Dataset extract:
━━━━━━━━━━

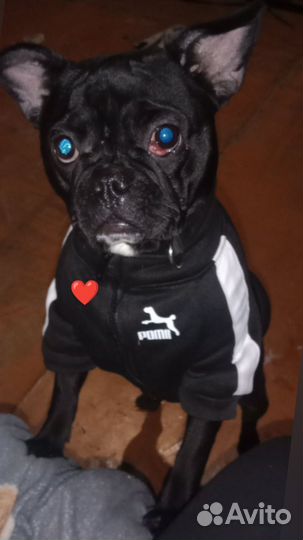 Продам собаку французского бульдогп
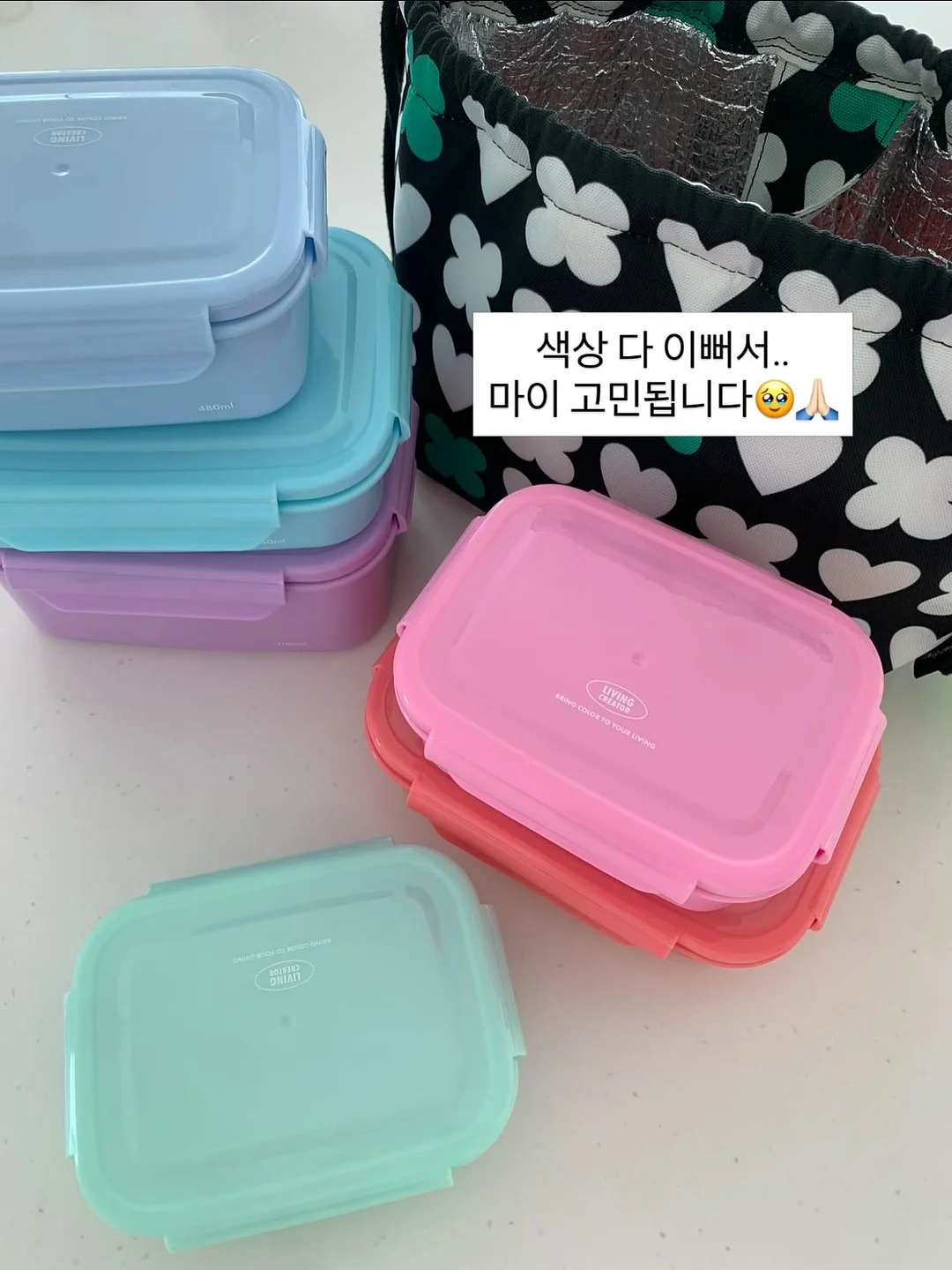 골드스타해일밥 9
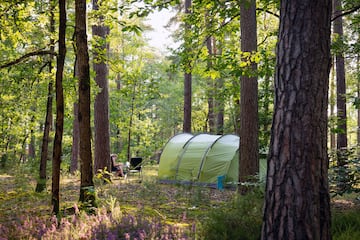 Camping Les Pins Onlycamp - Image 1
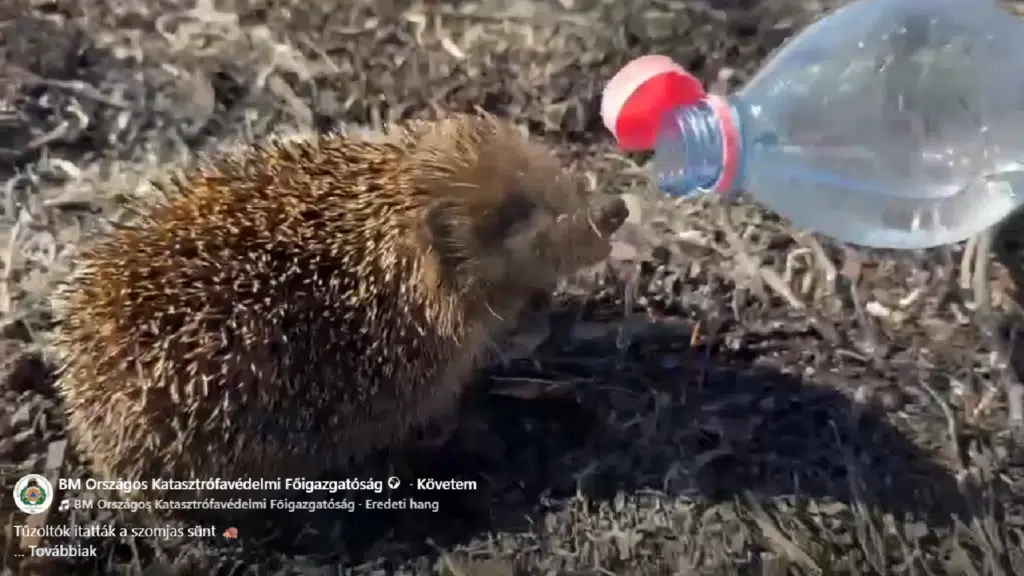 Tűzoltók itatták meg a szomjas sünit az átányi tűzoltás után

━━━━━━━━━━

Required work: All of the data above needs to be given again exactly. Leave out each image.

Answer to this task:
 Продам собаку французского бульдогп
 골드스타해일밥 9
 Camping Les Pins Onlycamp - Image 1
 Tűzoltók itatták meg a szomjas sünit az átányi tűzoltás után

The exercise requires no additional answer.